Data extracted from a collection
──────────
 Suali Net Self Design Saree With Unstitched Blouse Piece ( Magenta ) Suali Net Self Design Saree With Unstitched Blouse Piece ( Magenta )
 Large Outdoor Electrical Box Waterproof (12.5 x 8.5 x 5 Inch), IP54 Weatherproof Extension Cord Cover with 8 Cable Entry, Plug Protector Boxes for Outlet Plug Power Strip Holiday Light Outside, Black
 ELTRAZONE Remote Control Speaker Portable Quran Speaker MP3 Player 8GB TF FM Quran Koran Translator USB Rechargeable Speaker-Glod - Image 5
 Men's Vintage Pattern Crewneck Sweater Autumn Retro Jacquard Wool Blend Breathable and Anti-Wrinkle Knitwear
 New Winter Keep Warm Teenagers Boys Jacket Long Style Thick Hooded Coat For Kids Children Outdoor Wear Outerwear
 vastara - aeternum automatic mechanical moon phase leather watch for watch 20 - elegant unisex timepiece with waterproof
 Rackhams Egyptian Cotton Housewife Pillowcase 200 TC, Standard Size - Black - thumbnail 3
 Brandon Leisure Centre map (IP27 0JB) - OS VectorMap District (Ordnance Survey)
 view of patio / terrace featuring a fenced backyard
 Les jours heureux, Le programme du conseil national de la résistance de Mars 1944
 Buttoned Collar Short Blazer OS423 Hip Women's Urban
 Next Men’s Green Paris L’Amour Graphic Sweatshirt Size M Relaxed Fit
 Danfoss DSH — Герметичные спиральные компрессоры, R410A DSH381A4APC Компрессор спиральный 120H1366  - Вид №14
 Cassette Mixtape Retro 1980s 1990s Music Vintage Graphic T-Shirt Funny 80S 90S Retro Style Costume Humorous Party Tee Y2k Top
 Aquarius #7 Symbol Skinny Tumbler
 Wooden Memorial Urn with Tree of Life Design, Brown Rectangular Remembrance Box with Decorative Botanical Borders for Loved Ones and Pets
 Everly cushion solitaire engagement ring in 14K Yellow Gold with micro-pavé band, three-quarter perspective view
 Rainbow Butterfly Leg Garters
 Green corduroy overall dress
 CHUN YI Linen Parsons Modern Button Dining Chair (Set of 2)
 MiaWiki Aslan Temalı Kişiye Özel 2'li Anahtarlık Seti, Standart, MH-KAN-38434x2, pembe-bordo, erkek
──────────
A verbatim repeat of all the entries above is the required answer.

Task response:
 Suali Net Self Design Saree With Unstitched Blouse Piece ( Magenta ) Suali Net Self Design Saree With Unstitched Blouse Piece ( Magenta )
 Large Outdoor Electrical Box Waterproof (12.5 x 8.5 x 5 Inch), IP54 Weatherproof Extension Cord Cover with 8 Cable Entry, Plug Protector Boxes for Outlet Plug Power Strip Holiday Light Outside, Black
 ELTRAZONE Remote Control Speaker Portable Quran Speaker MP3 Player 8GB TF FM Quran Koran Translator USB Rechargeable Speaker-Glod - Image 5
 Men's Vintage Pattern Crewneck Sweater Autumn Retro Jacquard Wool Blend Breathable and Anti-Wrinkle Knitwear
 New Winter Keep Warm Teenagers Boys Jacket Long Style Thick Hooded Coat For Kids Children Outdoor Wear Outerwear
 vastara - aeternum automatic mechanical moon phase leather watch for watch 20 - elegant unisex timepiece with waterproof
 Rackhams Egyptian Cotton Housewife Pillowcase 200 TC, Standard Size - Black - thumbnail 3
 Brandon Leisure Centre map (IP27 0JB) - OS VectorMap District (Ordnance Survey)
 view of patio / terrace featuring a fenced backyard
 Les jours heureux, Le programme du conseil national de la résistance de Mars 1944
 Buttoned Collar Short Blazer OS423 Hip Women's Urban
 Next Men’s Green Paris L’Amour Graphic Sweatshirt Size M Relaxed Fit
 Danfoss DSH — Герметичные спиральные компрессоры, R410A DSH381A4APC Компрессор спиральный 120H1366  - Вид №14
 Cassette Mixtape Retro 1980s 1990s Music Vintage Graphic T-Shirt Funny 80S 90S Retro Style Costume Humorous Party Tee Y2k Top
 Aquarius #7 Symbol Skinny Tumbler
 Wooden Memorial Urn with Tree of Life Design, Brown Rectangular Remembrance Box with Decorative Botanical Borders for Loved Ones and Pets
 Everly cushion solitaire engagement ring in 14K Yellow Gold with micro-pavé band, three-quarter perspective view
 Rainbow Butterfly Leg Garters
 Green corduroy overall dress
 CHUN YI Linen Parsons Modern Button Dining Chair (Set of 2)
 MiaWiki Aslan Temalı Kişiye Özel 2'li Anahtarlık Seti, Standart, MH-KAN-38434x2, pembe-bordo, erkek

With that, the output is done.